Articles

Full steam ahead

In boundary changes, Labour, Lib Dems, Tories on April 23, 2012 by dadge

Kevin Meagher wrote, on 5/1/12:

Boundary review, reviewed

Something […] that will bite the dust in 2012 is the parliamentary boundary review. This was a rash promise by Cameron to slash 50 seats in order to “reduce the cost of politics” at the height of Westminster’s expenses scandal. The figure was entirely arbitrary, so the new proposed boundaries are a dog’s breakfast. And the electoral advantage the Tories confidently predicted is not looking as attractive as first thought.

The seats of six cabinet ministers would be axed, including Nick Clegg’s Sheffield Hallam seat and George Osborne’s berth in leafy Knutsford. The last election was fought on fresh boundaries so there is, technically, no need to fiddle again for a decade. Eventually the government’s political antennae will twitch and the whole thing will be dropped. There is too much political fixing needed to keep everyone happy. The government has better things to worry about.

My response:

1. The figure of 50 seats was not “entirely arbitrary”. Both the decision to cut, and the decision that it would be 50, were made on the basis of Tory research on how best to make the system work more to the their advantage. “Reducing the cost of politics” was a convenient smokescreen.

2. The new seats are a “dog’s breakfast” but this is because of the radically new rules being used by the Boundary Commission, again decided on by the Tories to make the system work more to their advantage. The new system has at its heart the concept of “cracking” – which you should be au fait with – which tends to favour the Tories.

3. The new seats will be somewhat better for the Tories than the current ones. DGMW, the FPTP system will still favour Labour for the time being, but the precedent the changes are setting will gradually erode that advantage over the years.

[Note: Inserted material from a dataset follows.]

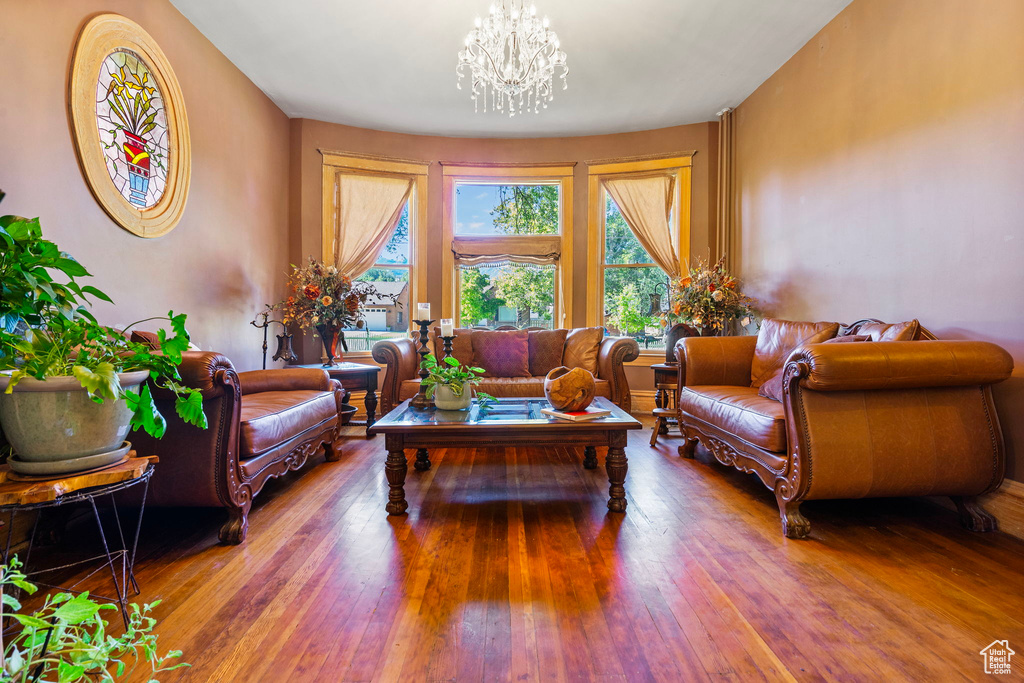 Living room featuring a chandelier and wood-type flooring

4. Pickles and co. made the changes a priority in order to reduce and eventually eliminate Labour’s built-in electoral advantage as quickly as possible. They want to redraw the boundaries every five years in order to achieve this. At some point they must’ve briefed their MPs about the rationale behind this, and the fact that some of them will have to suffer for the benefit of the party. Trouble is, some of them will go rogue e.g. Dorries.

5. Considering how important the changes are to the Tory Project, there’s no way that Cameron will drop the whole thing, and the LibDems are too weak to challenge it, even though by supporting the changes they are tying the noose even tighter round their own neck. The opposition to the project must come from Labour, but instead of mounting an effective campaign, Greg Cook went round the country in the autumn licking the Boundary Commission’s arse.